For the loop in the testcase we currently fail to hoist the guard
check of the inner loop (m > 0) out of the outer loop because
find_loop_guard checks all blocks of the outer loop for side-effects,
including those that are skipped by the guard. This usually
is harmless as the guard does not skip any blocks in the outer loop
but in this case store-motion was applied to the inner loop and thus
there's now a skipped store in the outer loop.

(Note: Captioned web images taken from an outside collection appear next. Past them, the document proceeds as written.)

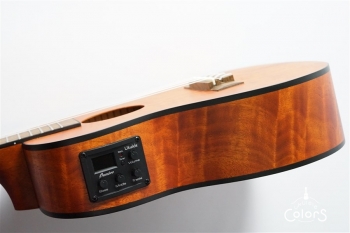 Exotic Mahogany Concert Ukulele w/EQ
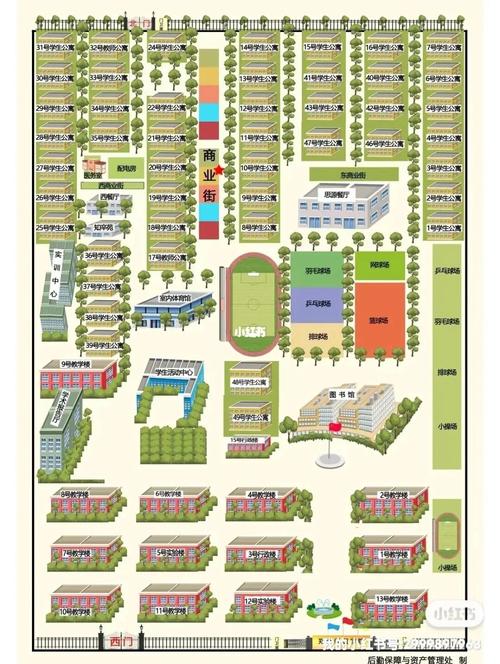 郑州经贸学院占地多少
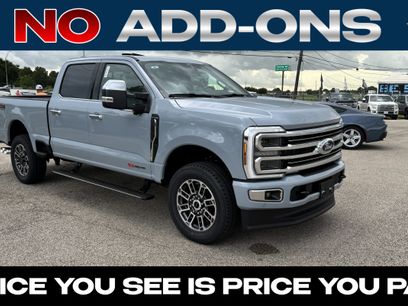 New 2026 Ford F250 Platinum w/ Platinum Plus Package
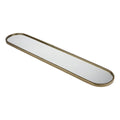 Fad Mirror Antik Kobber – 106,5x20,5x3,5cm – metal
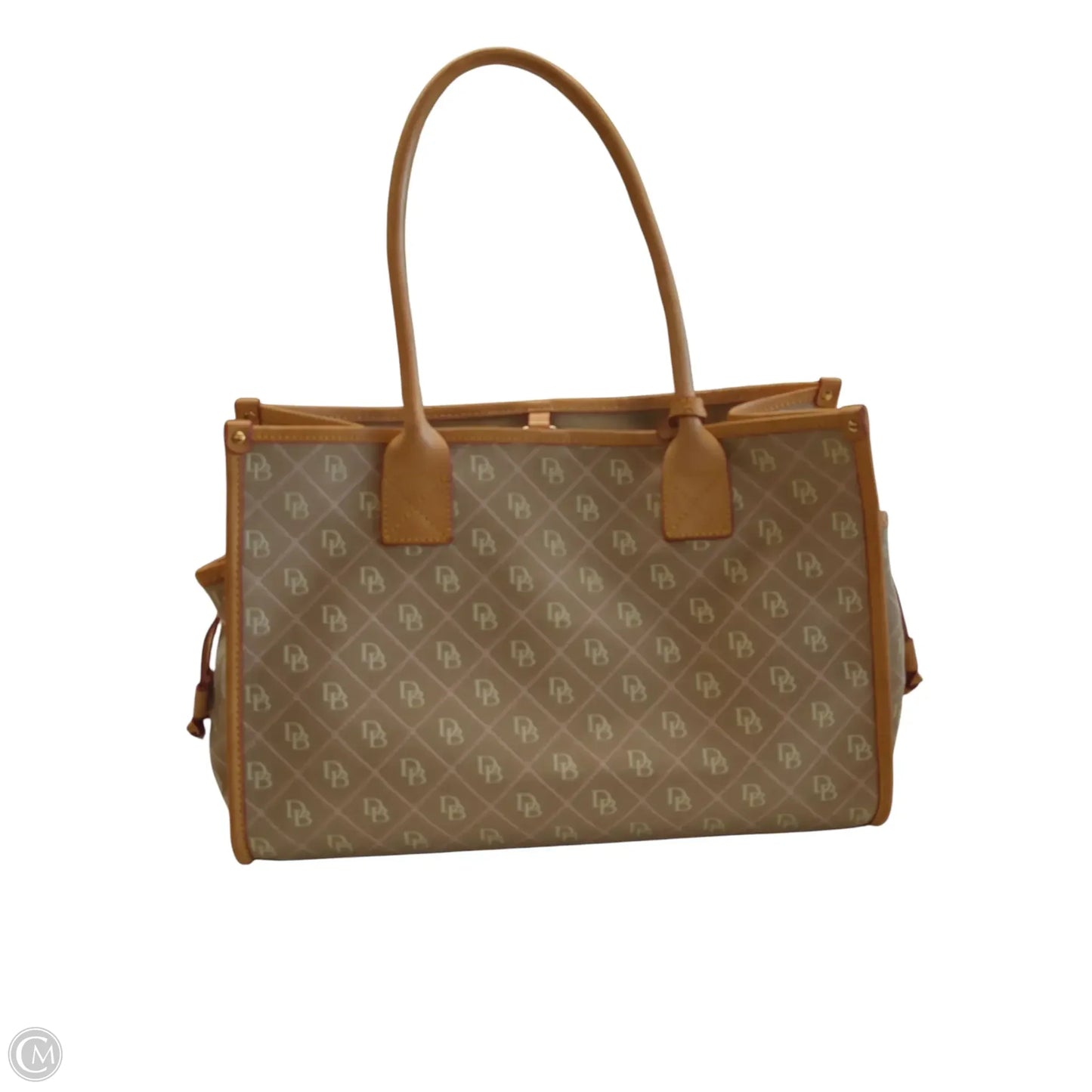 Handbag Designer By Dooney And Bourke, Size: Large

The following properly skips blocks that are dominated by the
entry to the skipped region.
PR tree-optimization/117510
* tree-ssa-loop-unswitch.cc (find_loop_guard): Only check
not skipped blocks for side-effects.
* gcc.dg/vect/vect-outer-pr117510.c: New testcase.
--- /dev/null
+/* { dg-do compile } */
+/* { dg-require-effective-target vect_double } */
+/* { dg-additional-options "-O3" } */
+
+void f(int n, int m, double *a)
+{
+ a = __builtin_assume_aligned (a, __BIGGEST_ALIGNMENT__);
+ for (int i = 0; i < n; i++)
+ for (int j = 0; j < m; j++)
+ a[i] += 2*a[i] + j;
+}
+
+/* { dg-final { scan-tree-dump "OUTER LOOP VECTORIZED" "vect" } } */
guard_edge = NULL;
goto end;
}
- if (!empty_bb_without_guard_p (loop, bb, dbg_to_reset))
+ /* If any of the not skipped blocks has side-effects or defs with
+ uses outside of the loop we cannot hoist the guard. */
+ if (!dominated_by_p (CDI_DOMINATORS,
+ bb, guard_edge == te ? fe->dest : te->dest)
+ && !empty_bb_without_guard_p (loop, bb, dbg_to_reset))
{
if (dump_enabled_p ())
dump_printf_loc (MSG_MISSED_OPTIMIZATION, loc,